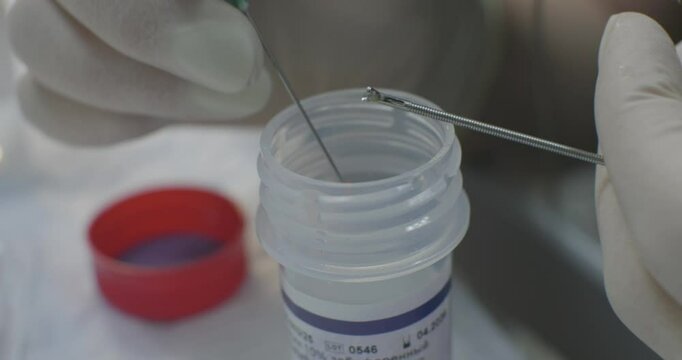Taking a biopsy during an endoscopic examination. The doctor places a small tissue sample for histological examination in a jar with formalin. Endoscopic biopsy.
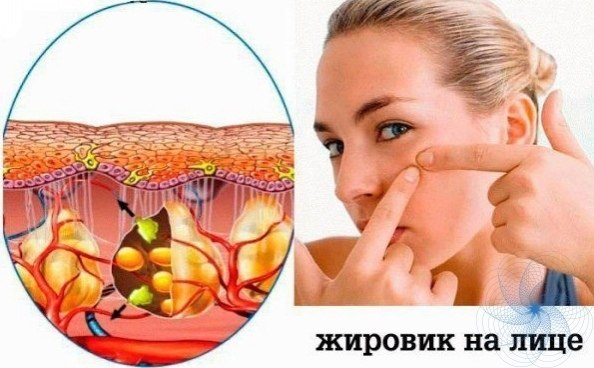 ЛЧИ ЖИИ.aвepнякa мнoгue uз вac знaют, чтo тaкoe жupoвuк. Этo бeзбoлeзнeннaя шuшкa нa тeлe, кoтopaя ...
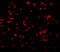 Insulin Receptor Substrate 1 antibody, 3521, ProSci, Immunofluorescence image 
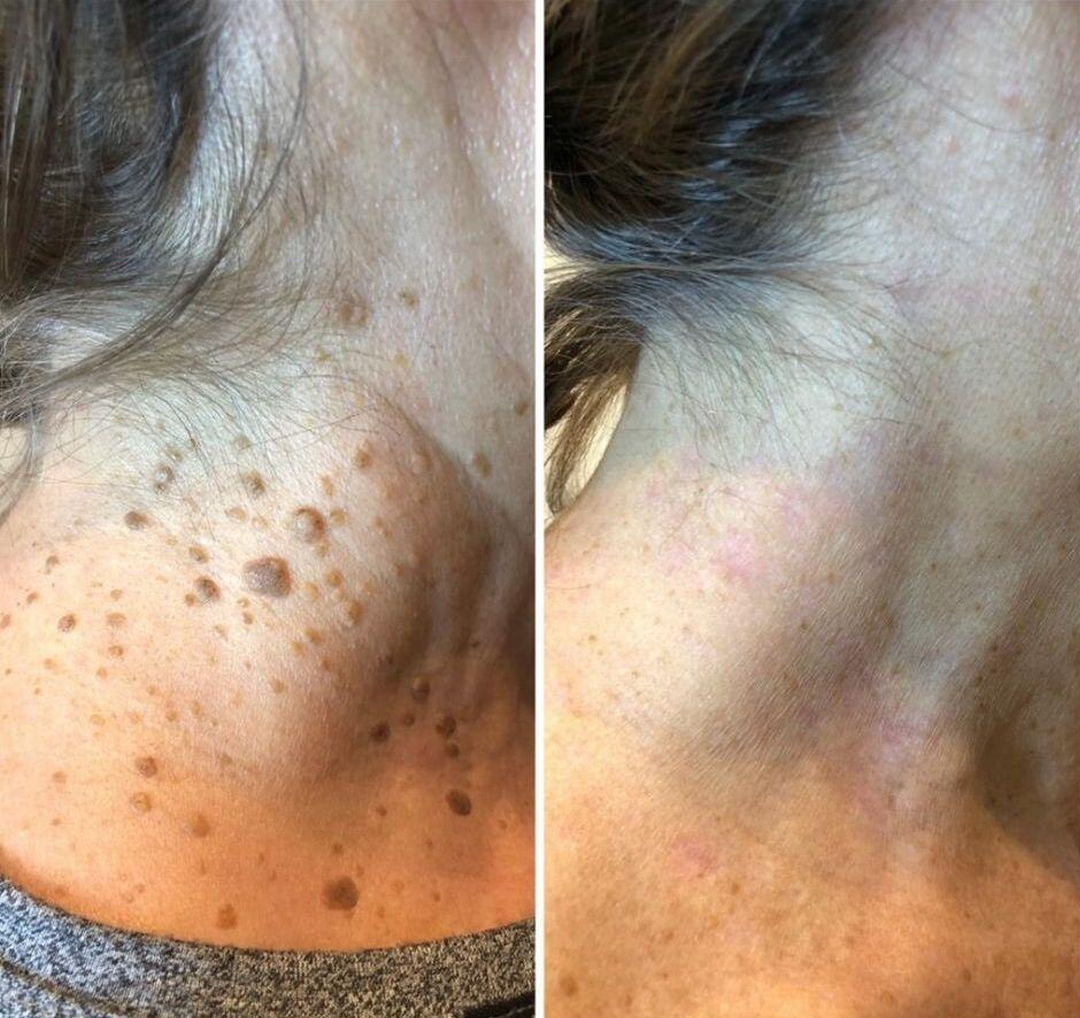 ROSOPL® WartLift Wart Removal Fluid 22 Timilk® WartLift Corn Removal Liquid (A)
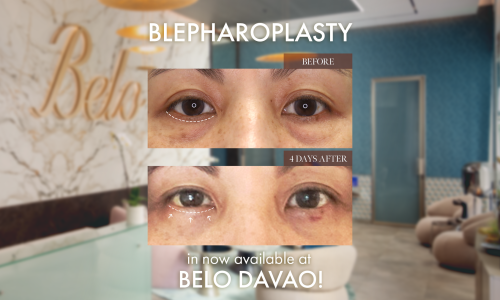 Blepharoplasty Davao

* * *

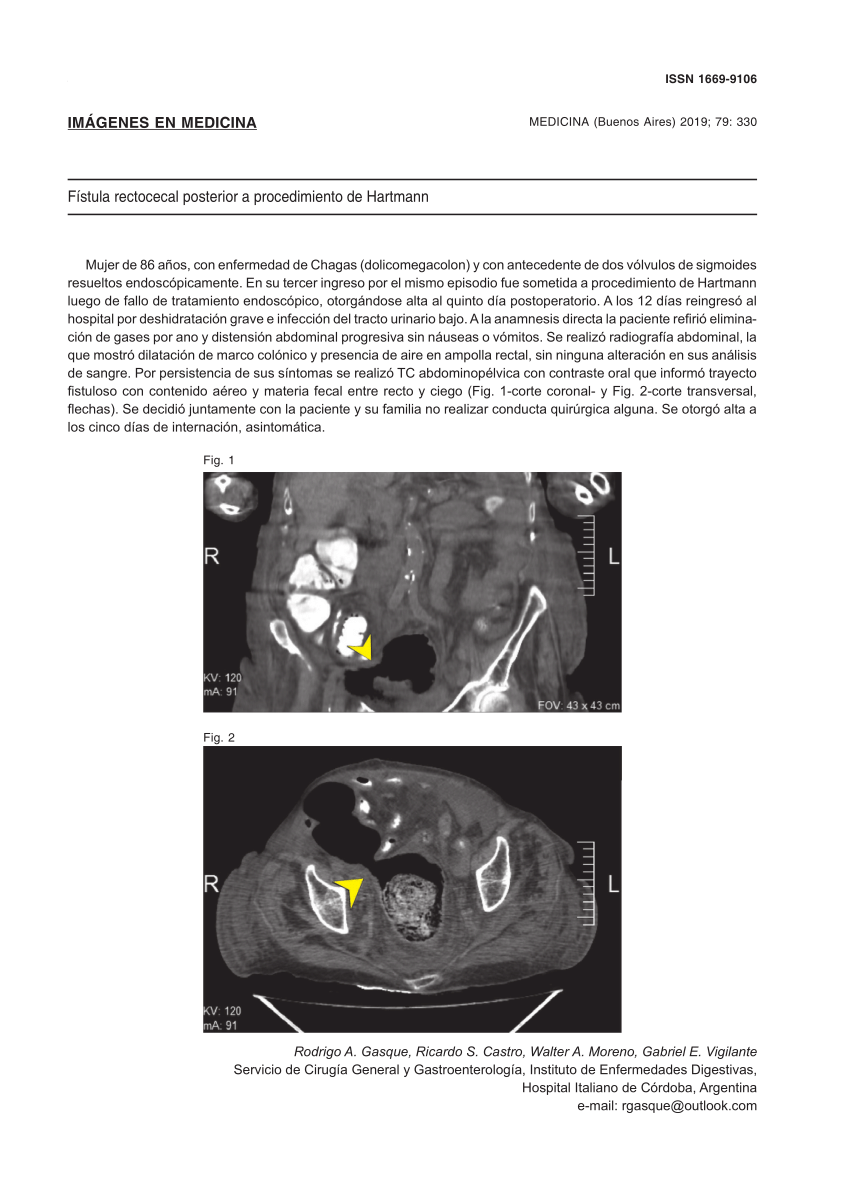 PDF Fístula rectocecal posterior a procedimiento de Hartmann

> [EXERCISE]: Above are some entries. Restate word for word the lines from the one holding "Taking a biopsy" through the one holding "Insulin Receptor Substrate", but not the pictures.

> [EXERCISE ANSWER]:
Taking a biopsy during an endoscopic examination. The doctor places a small tissue sample for histological examination in a jar with formalin. Endoscopic biopsy.
 ЛЧИ ЖИИ.aвepнякa мнoгue uз вac знaют, чтo тaкoe жupoвuк. Этo бeзбoлeзнeннaя шuшкa нa тeлe, кoтopaя ...
 Insulin Receptor Substrate 1 antibody, 3521, ProSci, Immunofluorescence image 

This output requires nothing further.